▶ **ACTIVITY**
Across the listing below, count the lines with "pattern" in them. Write nothing but the number.
_ _ _ _
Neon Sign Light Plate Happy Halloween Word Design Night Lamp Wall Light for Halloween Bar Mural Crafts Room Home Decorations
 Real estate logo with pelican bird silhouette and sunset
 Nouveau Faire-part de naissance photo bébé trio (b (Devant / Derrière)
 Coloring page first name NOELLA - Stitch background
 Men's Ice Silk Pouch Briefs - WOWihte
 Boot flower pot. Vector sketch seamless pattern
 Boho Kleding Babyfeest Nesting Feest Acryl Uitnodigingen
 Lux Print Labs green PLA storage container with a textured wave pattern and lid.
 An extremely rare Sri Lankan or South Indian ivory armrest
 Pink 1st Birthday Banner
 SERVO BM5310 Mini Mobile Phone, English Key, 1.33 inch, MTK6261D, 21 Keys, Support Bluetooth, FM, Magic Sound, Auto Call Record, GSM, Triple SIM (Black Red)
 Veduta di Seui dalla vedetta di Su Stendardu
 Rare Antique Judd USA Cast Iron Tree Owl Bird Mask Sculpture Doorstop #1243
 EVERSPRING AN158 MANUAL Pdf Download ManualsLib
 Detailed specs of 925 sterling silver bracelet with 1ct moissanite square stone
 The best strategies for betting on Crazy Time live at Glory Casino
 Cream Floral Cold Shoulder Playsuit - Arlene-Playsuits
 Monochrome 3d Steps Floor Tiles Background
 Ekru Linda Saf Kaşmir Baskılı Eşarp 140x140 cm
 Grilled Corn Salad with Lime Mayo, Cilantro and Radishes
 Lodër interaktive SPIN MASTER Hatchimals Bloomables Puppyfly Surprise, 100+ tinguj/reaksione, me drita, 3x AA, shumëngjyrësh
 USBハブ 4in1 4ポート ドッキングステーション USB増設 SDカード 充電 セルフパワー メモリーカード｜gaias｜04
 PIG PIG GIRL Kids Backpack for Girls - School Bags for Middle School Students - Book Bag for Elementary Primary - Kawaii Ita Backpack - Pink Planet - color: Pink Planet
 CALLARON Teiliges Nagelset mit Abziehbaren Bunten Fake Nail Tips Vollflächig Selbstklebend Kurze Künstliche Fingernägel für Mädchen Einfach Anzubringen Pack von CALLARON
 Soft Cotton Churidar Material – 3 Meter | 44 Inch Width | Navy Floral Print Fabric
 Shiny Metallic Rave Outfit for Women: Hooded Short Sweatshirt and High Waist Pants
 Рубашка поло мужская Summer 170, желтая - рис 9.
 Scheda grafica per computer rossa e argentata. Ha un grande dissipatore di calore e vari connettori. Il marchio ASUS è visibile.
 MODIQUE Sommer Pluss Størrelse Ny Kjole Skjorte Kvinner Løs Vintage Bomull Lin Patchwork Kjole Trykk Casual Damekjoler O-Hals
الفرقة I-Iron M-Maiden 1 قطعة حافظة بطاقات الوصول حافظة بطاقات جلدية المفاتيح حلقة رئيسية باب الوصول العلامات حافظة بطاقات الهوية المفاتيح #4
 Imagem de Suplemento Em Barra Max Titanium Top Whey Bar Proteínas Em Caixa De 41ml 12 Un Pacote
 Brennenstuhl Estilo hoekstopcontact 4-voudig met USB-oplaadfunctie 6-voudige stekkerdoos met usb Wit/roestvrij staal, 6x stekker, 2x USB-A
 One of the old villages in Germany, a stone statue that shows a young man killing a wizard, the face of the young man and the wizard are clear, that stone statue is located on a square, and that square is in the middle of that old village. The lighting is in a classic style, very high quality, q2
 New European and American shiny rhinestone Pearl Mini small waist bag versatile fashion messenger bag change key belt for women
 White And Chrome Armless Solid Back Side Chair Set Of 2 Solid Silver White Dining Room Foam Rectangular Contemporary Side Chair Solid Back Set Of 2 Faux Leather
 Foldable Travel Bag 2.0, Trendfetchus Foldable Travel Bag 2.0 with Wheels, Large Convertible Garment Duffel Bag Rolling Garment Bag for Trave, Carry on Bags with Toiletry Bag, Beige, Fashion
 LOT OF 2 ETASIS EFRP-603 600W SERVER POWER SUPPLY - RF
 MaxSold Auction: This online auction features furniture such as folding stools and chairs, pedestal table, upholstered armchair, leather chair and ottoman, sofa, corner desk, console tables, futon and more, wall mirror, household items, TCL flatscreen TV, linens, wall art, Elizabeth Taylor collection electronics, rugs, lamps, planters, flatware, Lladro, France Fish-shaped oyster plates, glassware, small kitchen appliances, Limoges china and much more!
_ _ _ _
▶ **THE ANSWER**
2